Mensen vieren de overwinning, een hoed op een paal wordt een symbool van vrijheid. Er verschijnt een boodschapper met een brief van de weduwe van keizer Albrecht, Elizabeth. De keizer werd gedood, zijn moordenaars wisten te ontsnappen. Elizabeth vraagt om criminelen uit te leveren, waarvan de belangrijkste de neef van de keizer is, de Zwabische hertog John. Maar niemand weet waar hij is.

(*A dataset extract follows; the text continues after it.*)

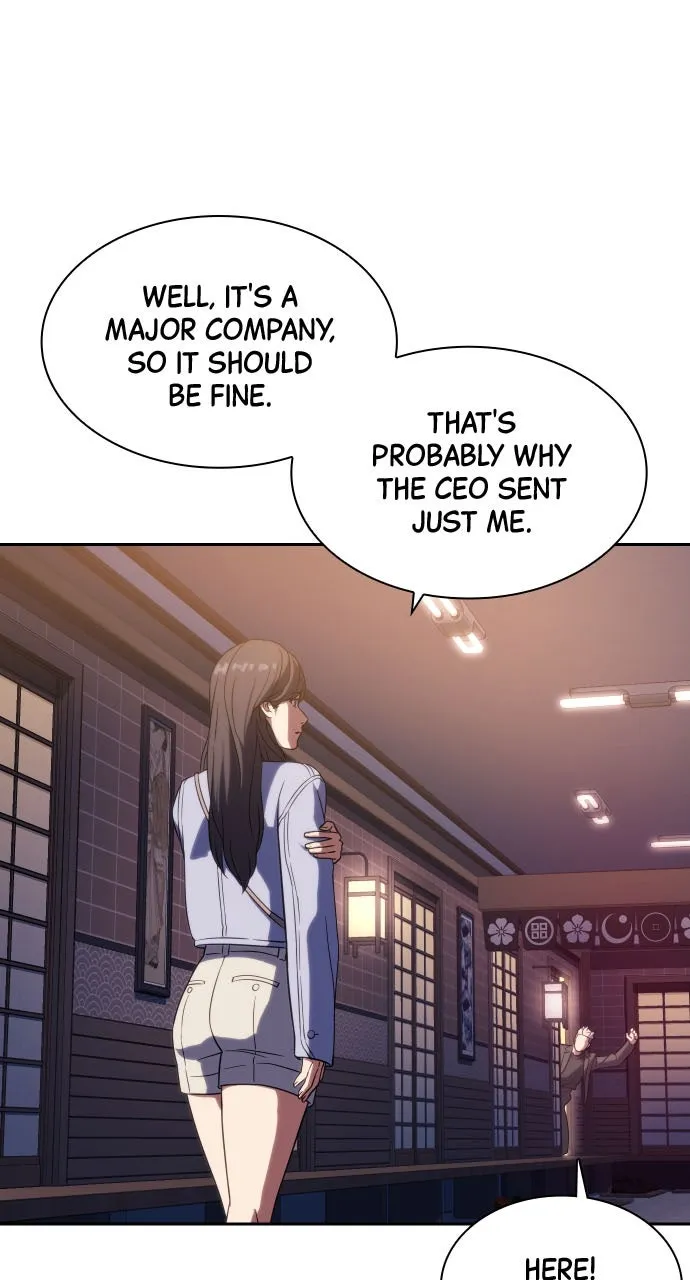 The Frostbound Warrior Chapter 6 page 76 -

In huis vraagt Tella om een dolende monnik. De monnik herkent de schutter in Tell die de keizerlijke landkluis heeft gedood en werpt zijn soutane af. Hij is de neef van de keizer, hij heeft keizer Albrecht vermoord. Maar in tegenstelling tot Johns verwachtingen, is William bereid hem uit zijn huis te verdrijven, omdat de 'huurmoord' op de troon niet kan worden vergeleken met de 'zelfverdediging van zijn vader'. Maar goede Tell is niet in staat om een ontroostbaar persoon weg te duwen, en daarom wijst hij, als antwoord op al Johns verzoeken om hulp, de weg door de bergen naar Italië, aan de paus, die alleen de crimineel kan helpen een manier te vinden om te troosten.
Het stuk eindigt met een feestdag. De dorpelingen van de drie kantons verheugen zich in vrijheid en bedanken Tell voor het wegdoen van de landvlucht. Berta kondigt Rudenza aan dat hij met hem wil trouwen, terwijl hij ter gelegenheid van de universele feestdag vrijheid geeft aan al zijn lijfeigenen.